A importância universal do direito à terra é clara e inequívoca, assim como também o
é a relação direta que existe entre a questão da terra, o desenvolvimento sustentável, e
possibilidade de gozo de uma ampla gama de direitos.
A dissociação entre a propriedade, cartorialmente comprovada, e a posse, enquanto
animus domini facti, colocou a população afro-descendente situada em uma conjuntura de
interdependência necessária em relação àqueles que dominavam os recursos jurídicos,
principalmente de domínio fundiário. Deste modo, cria-se uma distância, que é legalmente
construída, entre os que possuem “títulos” e os que “ocupam”, configurando-se uma realidade
social baseada na hegemonia dos instrumentos cartoriais que leva a uma espécie de “violência
dos papéis”.
É sob esse panorama que os Laudos Antropológicos têm assumido uma importância
cada vez mais considerável na prática profissional da disciplina no Brasil. O Laudo, longe de
estar relegado a possuir um significado exclusivamente burocrático, coloca-se como
instrumento de defesa das comunidades, de modo a possibilitar-lhes reação frente ao que
anteriormente chamamos de “violência dos papéis”. A divulgação dos laudos vem sendo
particularmente veiculada por membros e lideranças das comunidades, num esforço por
rearranjar um campo de forças no qual os estudos não só se reduzam a instrumento de prova
jurídica, mas representem a possibilidade de garantir uma “fala histórica”, calcada em
sensibilidades jurídicas que adentram a institucionalidade oficial, com a potencialidade que
haja um resgate no “escrever suas histórias”, agora não sem as suas “mãos, bocas e olhos”
(CHAGAS, 2005).
Deste modo, há que enfatizarmos a importância do antropólogo e de sua atuação
profissional no processo de concretização do direito fundamental ao território dessas minorias
étnicas. A produção do Laudo é caracterizada por um esforço crítico e independente
direcionado à captação elementos que o possibilitem atestar a etnicidade de dado grupo. E
através da disponibilização dos conhecimentos sobre esses grupos e sobre a sociedade que os
oprime, os antropólogos têm contribuído para a redução de preconceitos e estereótipos de
ordem racial e étnica, de gênero, de classe e de cultura (OLIVEIRA, 2005).
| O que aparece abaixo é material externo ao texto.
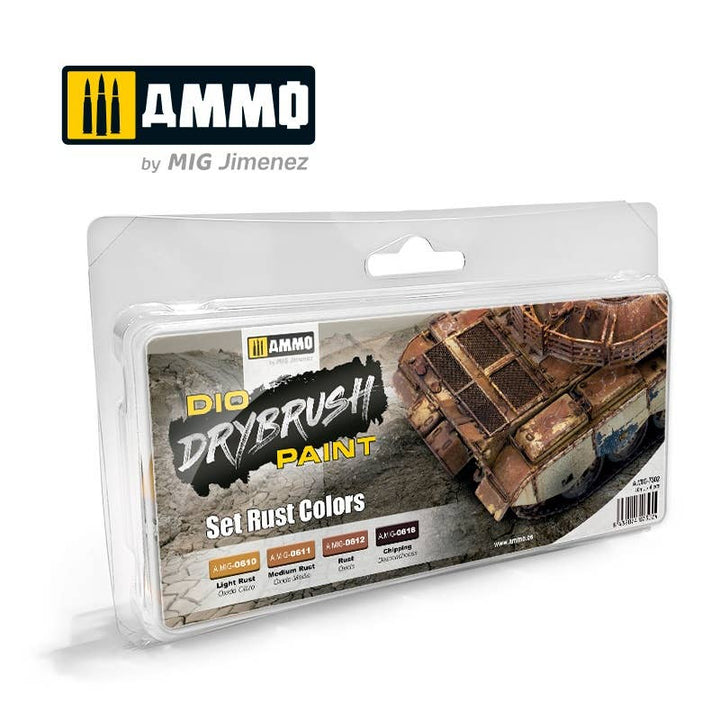 Ammo Mig Dio Drybrush Acrylic Paint Set - Rust Colors | 8432074073024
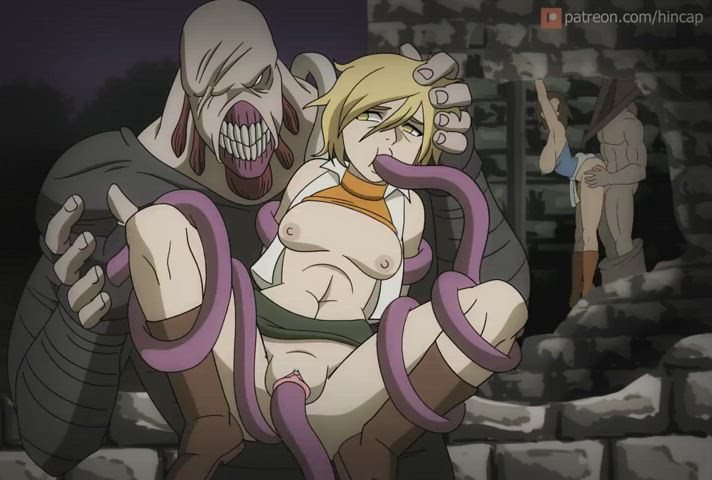 Heather, Jill Valentine - Horror girls in mini skirts trade monsters (Hinca P) [Hinca P) [Silent Hill, Resident Evil] - free porn video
3 - Proteção do direito ao território das comunidades de quilombos em âmbito
nacional
Como já dito, a Constituição Federal de 1988, pela primeira vez na história do Brasil,
reconheceu o direito à terra aos remanescentes das comunidades de quilombo e o fez
observando a relação constitutiva de identidade entre esses povos e o território que
tradicionalmente ocupam. É esta relação que fornece os matizes e configurações dos
elementos caracterizadores destas minorias étnicas.
Com uma simples leitura do artigo 68 do ADCT pode-se concluir que a norma está
apta a produzir todos os seus efeitos, independentemente de lei infraconstitucional. Trata-se
de norma de eficácia plena, uma vez que o constituinte conferiu a este dispositivo
normatividade suficiente para sua incidência imediata. Além disso, ao consagrar a proteção a
direitos culturais e sociais das comunidades remanescentes de quilombos, o artigo 68 reveste-
se de aplicabilidade imediata por tratar de direito fundamental, conforme determina
expressamente o artigo 5º, § 1º, da Constituição Federal2 (SILVA, 2008).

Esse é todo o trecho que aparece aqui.